3. Bölüm
-TUTKU-
Şimdi karar verme aşamasıydı belki de. Belki de değildi, bilmiyorum. Öylece durdum, ona baktım. Bana merak dolu gözlerle bakıyordu. Bu bakışlar bir yandan hoşuma gidiyor bir yandan da gitmiyordu. Evet dersem ona haksızlık olabilirdi. Çünkü onu tanımıyorum, onu sevmiyorum. Hayır desem daha mantıklı geliyor. Az önce olan şey kontrolüm dışında olmuştu. Ona istemeden karşılık vermiştim. Hayır dersem... İşte buna verebilecek bir cevabım yoktu. Sadece hayatım olduğu gibi devam ederdi, hepsi bu. Ama ondan korktuğum için ''Hayır'' dedim. Çünkü beni yıllardır takip ettiğini söyleyen bir adama evet demek mantıksız olabilirdi.
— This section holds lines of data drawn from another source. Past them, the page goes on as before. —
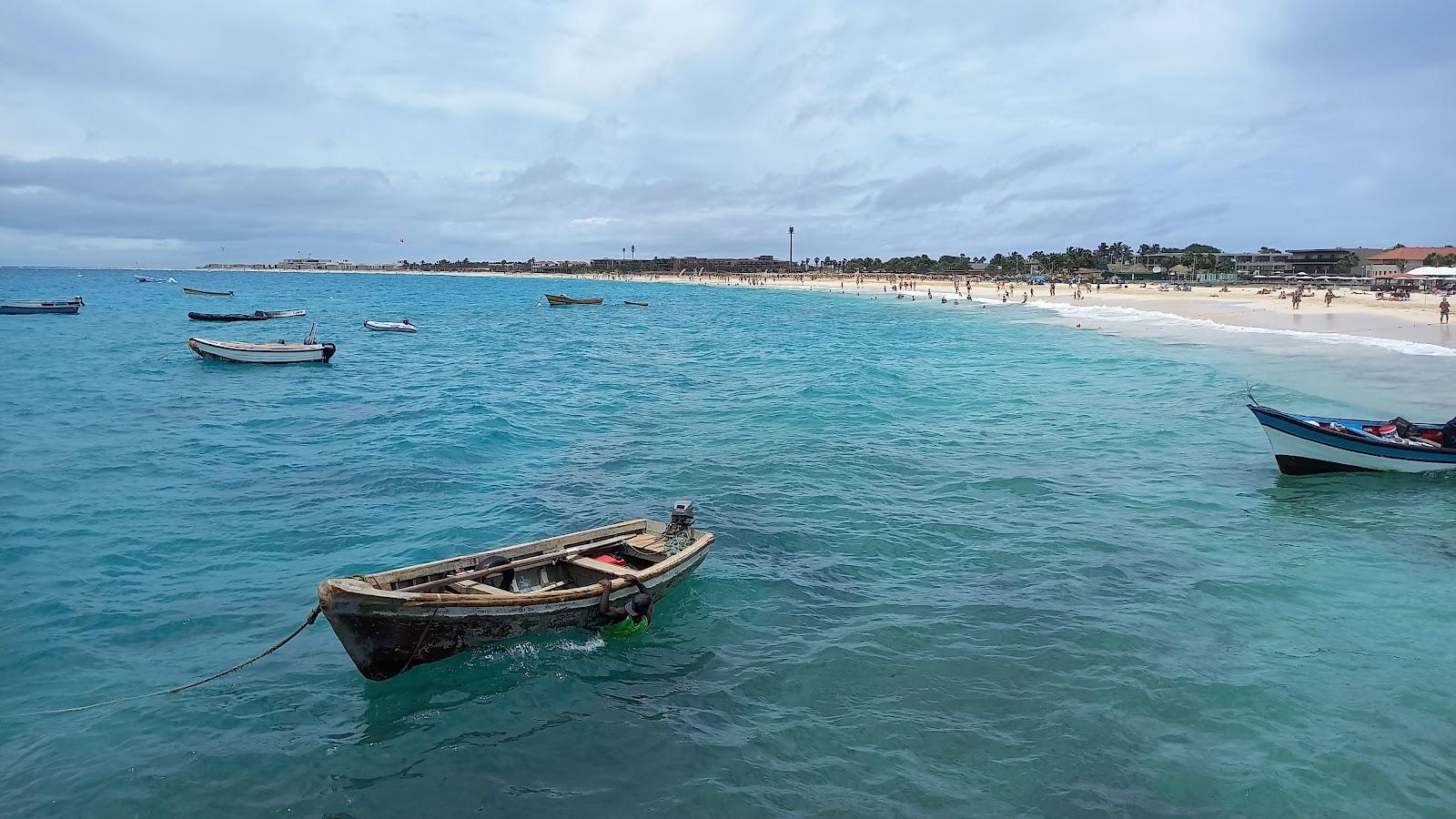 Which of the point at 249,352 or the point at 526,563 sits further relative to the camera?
the point at 249,352

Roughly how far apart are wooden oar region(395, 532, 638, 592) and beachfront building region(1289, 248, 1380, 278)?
141 m

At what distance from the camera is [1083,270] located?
158 meters

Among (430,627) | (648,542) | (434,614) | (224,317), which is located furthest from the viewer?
(224,317)

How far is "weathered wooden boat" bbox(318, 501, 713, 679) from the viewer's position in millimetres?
9352

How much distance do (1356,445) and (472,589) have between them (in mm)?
18821

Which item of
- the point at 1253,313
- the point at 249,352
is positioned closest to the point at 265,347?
the point at 249,352

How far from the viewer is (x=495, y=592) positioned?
1049cm

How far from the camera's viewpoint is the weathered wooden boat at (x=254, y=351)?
40.2 metres

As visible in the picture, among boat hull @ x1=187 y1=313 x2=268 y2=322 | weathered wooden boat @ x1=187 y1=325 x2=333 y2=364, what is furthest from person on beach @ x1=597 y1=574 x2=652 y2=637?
boat hull @ x1=187 y1=313 x2=268 y2=322

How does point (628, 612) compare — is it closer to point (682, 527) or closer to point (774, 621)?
point (774, 621)

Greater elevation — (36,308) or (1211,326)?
(36,308)

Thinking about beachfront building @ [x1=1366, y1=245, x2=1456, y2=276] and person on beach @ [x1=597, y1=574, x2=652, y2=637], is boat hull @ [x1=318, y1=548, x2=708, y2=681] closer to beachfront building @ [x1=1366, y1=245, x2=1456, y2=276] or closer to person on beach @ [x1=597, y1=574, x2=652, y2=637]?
person on beach @ [x1=597, y1=574, x2=652, y2=637]

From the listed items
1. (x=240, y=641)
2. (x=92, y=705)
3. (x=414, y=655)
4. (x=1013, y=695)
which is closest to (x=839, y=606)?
(x=1013, y=695)

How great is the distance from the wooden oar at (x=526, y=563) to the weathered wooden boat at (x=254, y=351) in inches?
1355
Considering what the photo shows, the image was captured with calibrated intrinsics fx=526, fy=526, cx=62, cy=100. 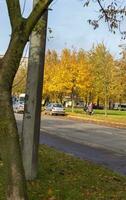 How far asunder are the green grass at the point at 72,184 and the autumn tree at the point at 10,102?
108cm

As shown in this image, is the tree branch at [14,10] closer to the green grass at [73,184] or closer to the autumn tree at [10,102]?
the autumn tree at [10,102]

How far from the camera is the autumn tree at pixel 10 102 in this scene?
696 centimetres

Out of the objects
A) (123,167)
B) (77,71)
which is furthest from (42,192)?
(77,71)

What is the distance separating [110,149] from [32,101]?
1183 centimetres

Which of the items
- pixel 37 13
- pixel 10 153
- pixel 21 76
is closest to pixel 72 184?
pixel 10 153

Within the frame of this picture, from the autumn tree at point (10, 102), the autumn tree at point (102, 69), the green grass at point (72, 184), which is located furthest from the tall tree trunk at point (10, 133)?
the autumn tree at point (102, 69)

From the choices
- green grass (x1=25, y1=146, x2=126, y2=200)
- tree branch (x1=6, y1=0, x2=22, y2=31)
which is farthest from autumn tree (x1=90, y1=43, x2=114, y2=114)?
tree branch (x1=6, y1=0, x2=22, y2=31)

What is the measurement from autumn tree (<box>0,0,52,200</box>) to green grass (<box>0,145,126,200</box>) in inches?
42.5

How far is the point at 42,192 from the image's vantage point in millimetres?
8469

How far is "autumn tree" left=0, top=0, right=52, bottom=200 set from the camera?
6.96m

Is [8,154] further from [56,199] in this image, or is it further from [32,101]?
[32,101]

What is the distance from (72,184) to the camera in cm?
940

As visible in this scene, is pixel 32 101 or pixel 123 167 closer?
pixel 32 101

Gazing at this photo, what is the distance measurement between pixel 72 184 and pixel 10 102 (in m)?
2.79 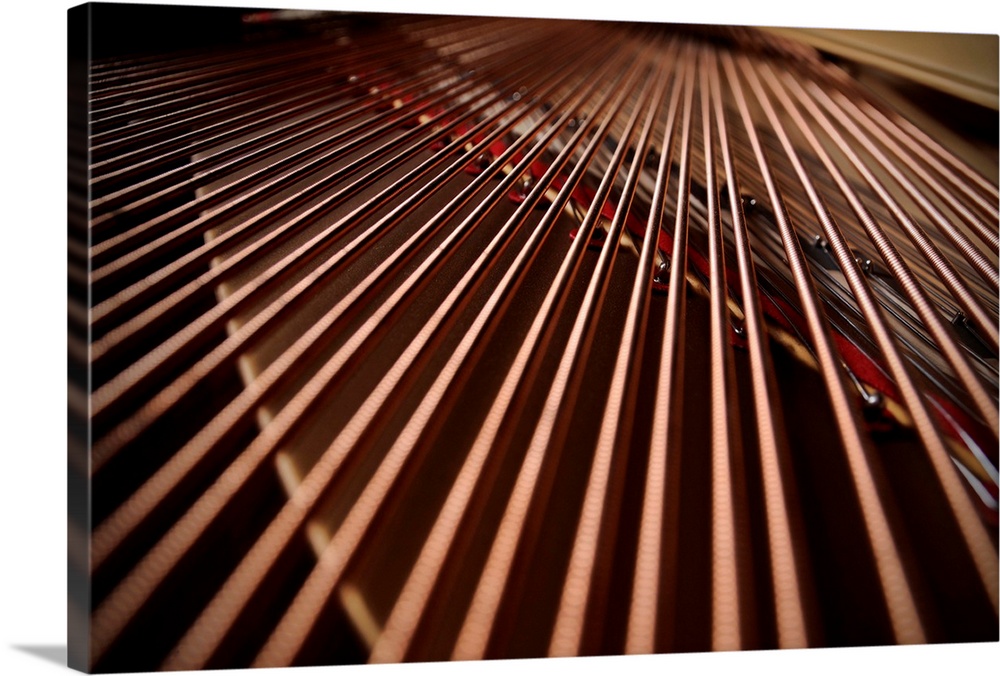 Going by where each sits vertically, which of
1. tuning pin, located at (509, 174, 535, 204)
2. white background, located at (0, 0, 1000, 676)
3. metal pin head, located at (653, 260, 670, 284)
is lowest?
white background, located at (0, 0, 1000, 676)

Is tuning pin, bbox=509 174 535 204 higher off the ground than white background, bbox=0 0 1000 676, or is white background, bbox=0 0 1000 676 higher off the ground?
tuning pin, bbox=509 174 535 204

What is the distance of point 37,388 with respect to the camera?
830 millimetres

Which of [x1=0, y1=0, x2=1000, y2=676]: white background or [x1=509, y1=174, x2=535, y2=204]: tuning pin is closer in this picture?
[x1=0, y1=0, x2=1000, y2=676]: white background

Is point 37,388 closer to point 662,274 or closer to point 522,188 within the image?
point 522,188

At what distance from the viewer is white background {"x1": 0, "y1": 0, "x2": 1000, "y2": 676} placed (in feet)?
2.66

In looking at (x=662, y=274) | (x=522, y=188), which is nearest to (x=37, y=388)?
(x=522, y=188)

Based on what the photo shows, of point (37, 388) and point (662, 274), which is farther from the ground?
point (662, 274)

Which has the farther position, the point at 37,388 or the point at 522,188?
the point at 522,188

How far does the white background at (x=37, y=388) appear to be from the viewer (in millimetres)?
812

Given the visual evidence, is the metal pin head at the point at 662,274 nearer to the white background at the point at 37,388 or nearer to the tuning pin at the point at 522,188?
the tuning pin at the point at 522,188

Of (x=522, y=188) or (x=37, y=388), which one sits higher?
(x=522, y=188)

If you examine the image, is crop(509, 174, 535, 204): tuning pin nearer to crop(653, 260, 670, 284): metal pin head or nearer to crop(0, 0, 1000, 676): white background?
crop(653, 260, 670, 284): metal pin head

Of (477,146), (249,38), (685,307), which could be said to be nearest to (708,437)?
(685,307)

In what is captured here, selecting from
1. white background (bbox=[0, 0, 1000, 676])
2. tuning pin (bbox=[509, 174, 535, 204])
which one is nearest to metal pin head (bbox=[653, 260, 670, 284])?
tuning pin (bbox=[509, 174, 535, 204]) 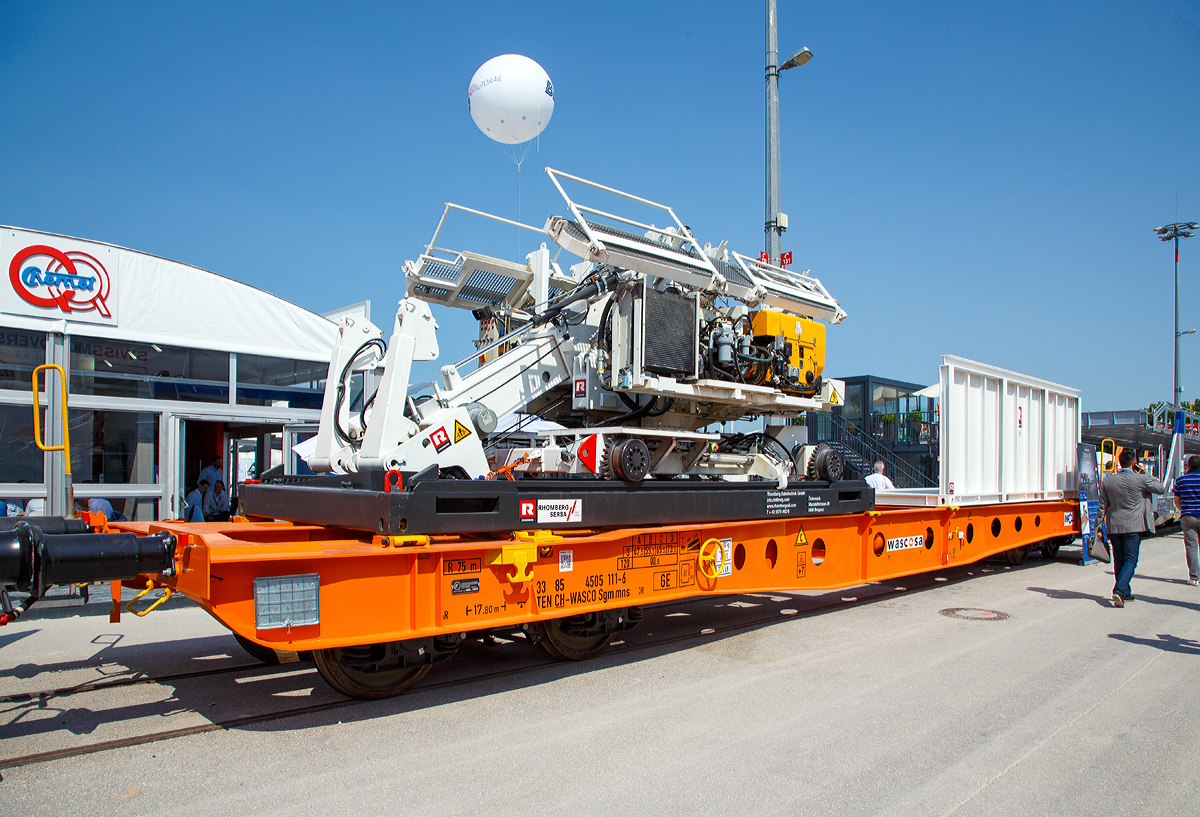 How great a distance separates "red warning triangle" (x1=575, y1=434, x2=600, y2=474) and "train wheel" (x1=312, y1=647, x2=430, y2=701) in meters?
2.02

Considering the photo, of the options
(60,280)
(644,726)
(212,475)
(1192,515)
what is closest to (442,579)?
(644,726)

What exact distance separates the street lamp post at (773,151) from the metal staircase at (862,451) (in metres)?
4.10

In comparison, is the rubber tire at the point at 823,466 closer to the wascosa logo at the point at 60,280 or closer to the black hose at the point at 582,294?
the black hose at the point at 582,294

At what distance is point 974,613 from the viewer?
328 inches

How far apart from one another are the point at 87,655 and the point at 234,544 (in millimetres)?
3146

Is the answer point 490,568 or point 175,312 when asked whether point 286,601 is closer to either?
point 490,568

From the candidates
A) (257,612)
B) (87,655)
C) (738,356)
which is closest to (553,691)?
(257,612)

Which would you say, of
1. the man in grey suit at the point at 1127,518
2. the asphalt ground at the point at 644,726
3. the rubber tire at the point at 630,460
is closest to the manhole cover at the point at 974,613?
the asphalt ground at the point at 644,726

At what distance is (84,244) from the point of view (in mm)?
10203

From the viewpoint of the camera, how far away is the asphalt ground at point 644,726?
12.1 feet

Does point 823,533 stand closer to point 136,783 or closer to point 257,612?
point 257,612

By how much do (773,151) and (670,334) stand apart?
23.6 feet

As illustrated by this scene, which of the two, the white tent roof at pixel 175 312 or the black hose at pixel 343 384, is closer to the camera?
the black hose at pixel 343 384

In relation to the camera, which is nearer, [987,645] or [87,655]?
[87,655] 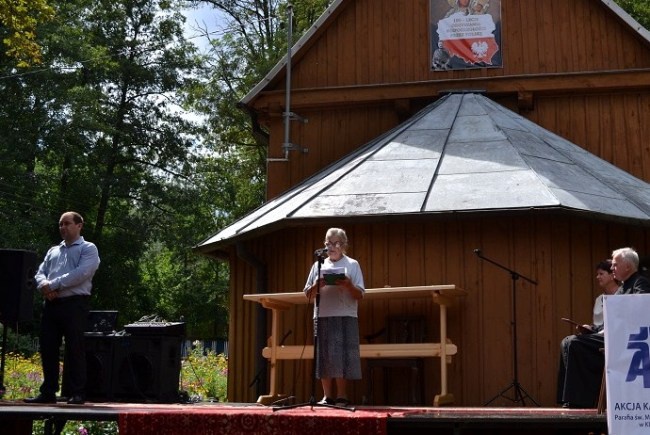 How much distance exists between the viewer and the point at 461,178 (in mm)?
11625

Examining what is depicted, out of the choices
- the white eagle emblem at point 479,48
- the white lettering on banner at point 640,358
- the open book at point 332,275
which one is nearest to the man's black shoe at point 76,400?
the open book at point 332,275

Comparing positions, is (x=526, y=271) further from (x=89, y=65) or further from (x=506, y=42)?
(x=89, y=65)

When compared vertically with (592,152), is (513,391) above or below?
below

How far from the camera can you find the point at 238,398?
1277 centimetres

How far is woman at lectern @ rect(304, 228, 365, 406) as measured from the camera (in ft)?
29.1

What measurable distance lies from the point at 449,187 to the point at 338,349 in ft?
10.6

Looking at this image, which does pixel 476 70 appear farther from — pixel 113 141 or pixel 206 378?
pixel 113 141

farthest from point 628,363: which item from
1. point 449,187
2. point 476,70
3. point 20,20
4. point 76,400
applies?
point 20,20

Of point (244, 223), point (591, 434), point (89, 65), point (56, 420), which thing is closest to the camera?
point (591, 434)

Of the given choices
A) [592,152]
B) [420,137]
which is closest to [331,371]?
[420,137]

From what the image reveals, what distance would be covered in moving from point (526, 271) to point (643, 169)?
434 cm

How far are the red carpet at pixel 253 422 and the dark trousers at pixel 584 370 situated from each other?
180 centimetres

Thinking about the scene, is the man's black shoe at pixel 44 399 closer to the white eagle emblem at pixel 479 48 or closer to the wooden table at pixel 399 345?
the wooden table at pixel 399 345

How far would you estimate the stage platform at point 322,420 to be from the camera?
24.3 feet
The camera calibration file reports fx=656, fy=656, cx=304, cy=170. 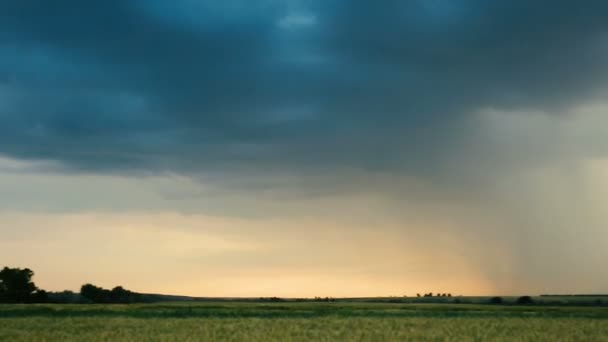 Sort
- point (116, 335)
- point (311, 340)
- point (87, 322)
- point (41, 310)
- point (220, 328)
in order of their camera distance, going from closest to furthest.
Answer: point (311, 340), point (116, 335), point (220, 328), point (87, 322), point (41, 310)

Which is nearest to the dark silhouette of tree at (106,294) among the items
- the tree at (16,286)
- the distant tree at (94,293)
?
the distant tree at (94,293)

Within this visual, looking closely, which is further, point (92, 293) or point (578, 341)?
point (92, 293)

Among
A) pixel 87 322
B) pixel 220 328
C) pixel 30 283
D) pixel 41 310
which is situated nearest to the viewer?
pixel 220 328

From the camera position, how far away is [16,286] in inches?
4245

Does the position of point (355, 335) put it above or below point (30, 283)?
below

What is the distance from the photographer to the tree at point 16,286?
10738cm

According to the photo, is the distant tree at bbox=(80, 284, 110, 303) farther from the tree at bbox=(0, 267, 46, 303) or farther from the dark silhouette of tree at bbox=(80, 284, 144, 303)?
the tree at bbox=(0, 267, 46, 303)

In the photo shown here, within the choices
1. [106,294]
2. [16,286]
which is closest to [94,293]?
[106,294]

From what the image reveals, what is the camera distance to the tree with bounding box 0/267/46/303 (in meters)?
107

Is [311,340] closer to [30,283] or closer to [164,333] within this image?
[164,333]

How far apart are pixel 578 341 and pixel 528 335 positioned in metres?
3.83

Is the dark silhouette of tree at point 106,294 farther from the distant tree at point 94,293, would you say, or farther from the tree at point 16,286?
the tree at point 16,286

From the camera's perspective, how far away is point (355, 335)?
4031 cm

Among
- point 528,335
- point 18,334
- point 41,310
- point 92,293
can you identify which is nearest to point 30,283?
point 92,293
''Emin misin? Hayır mı gerçekten?''
Emin bir şekilde ''Tabii ki eminim. Tanımadığım bir adamın, ki beni 3,5 yıldır takip eden bir adamın, teklifini neden kabul edeyim?''
Kırgınlıkla gözlerime baktı. ''Tanımayı denesen?'' Neyini tanımayı deneyecekti acaba?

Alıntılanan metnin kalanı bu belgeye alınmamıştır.